Fluorescent and phosphorescent stones
Fluorescence is the emission of light by a mineral that has absorbed light or other electromagnetic radiation. The emitted light has a longer wavelength, and therefore lower energy, than the absorbed radiation. The most striking example of fluorescence occurs when the absorbed radiation is in the ultraviolet region of the spectrum, and thus invisible to the human eye, while the emitted light is in the visible region, which gives the fluorescent substance a distinct color that can be seen only when exposed to UV light.
The stimulating light excites an electron, raising energy to an unstable level. This instability is unfavorable, so the energized electron is returned to a stable state almost as immediately as it becomes unstable. This return to stability corresponds with the release of excess energy in the form of fluorescence light. This emission of light is only observable when the stimulant light is still providing light to the mineral and is typically yellow, pink, orange, red, green, or purple.
Fluorescent materials cease to glow nearly immediately when the radiation source stops, unlike phosphorescent materials, which continue to emit light for some time after. In fluorescence, electrons excited by incoming photons jump up to a higher energy level and remain there for a tiny fraction of a second before falling back to the ground state and emitting fluorescent light. In phosphorescence, the electrons remain in the excited state orbital for a greater amount of time before falling. Minerals with fluorescence stop glowing when the light source is turned off. Minerals with phosphorescence can glow for a brief time after the light source is turned off.
Fluorescent & phosphorescent rocks of Peru
Manganocalcite is a mixture of manganese and calcite. The divalent manganese, in concentrations of up to several percent, is responsible for the intense red or orange fluorescence of this mineral. Manganocalcite is surely the most commonly known fluorescent mineral from Peru.
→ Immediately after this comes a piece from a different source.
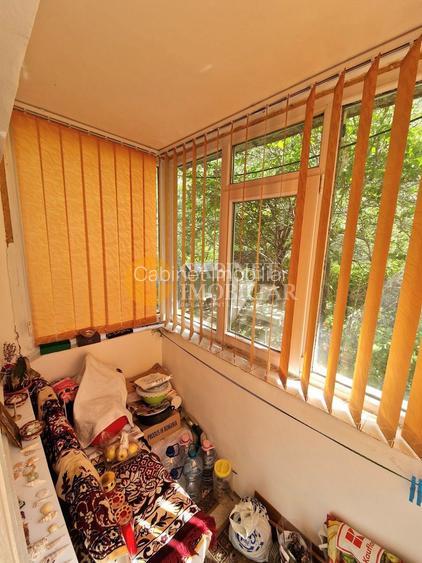 2 Camere Semidecomandat-Alexandru cel Bun - 8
The fluorescence of sodalite, being mined in Peru for decor products and interior design, has long gone under the radar for most people. In 2017 the so called Yooperlite® pebbles were found at Lake Superior by Erik Rintamaki and quickly turned fluorescent stones to be the ultimate trend. For quite a while nobody knew what makes the Yooperlite® rocks glow. Now we know that they are actually syenite rocks that are rich in fluorescent sodalite.
Peruvian Black Iris Opal
Peruvian Black Iris Opal® was discovered in Peru in 2019 and found to be fluorescent by Gemrock Perus general manager Stefan Austermühle. It is a very rare stone with only a few dozens of kilos found so far.
Peruvian pink aragonite
Peruvian pink aragonite® is so far know to only a few peruvian lapidary carvers but has not been promoted so far in foreign countries, as it is very rare and hard to acquire. The fact however, that this mineral is phosphorescent has been recently discovered by Gemrocks general manager, Stefan Austermühle. The white layers of the pink aragonite® do emit a very strong white light when under UV-impact. However when the light is switched off, the mineral shows an intense green afterglow that takes several seconds to dimm out. We are in process of acquiring more of this mineral in order to introduce this fascinating rock to the world.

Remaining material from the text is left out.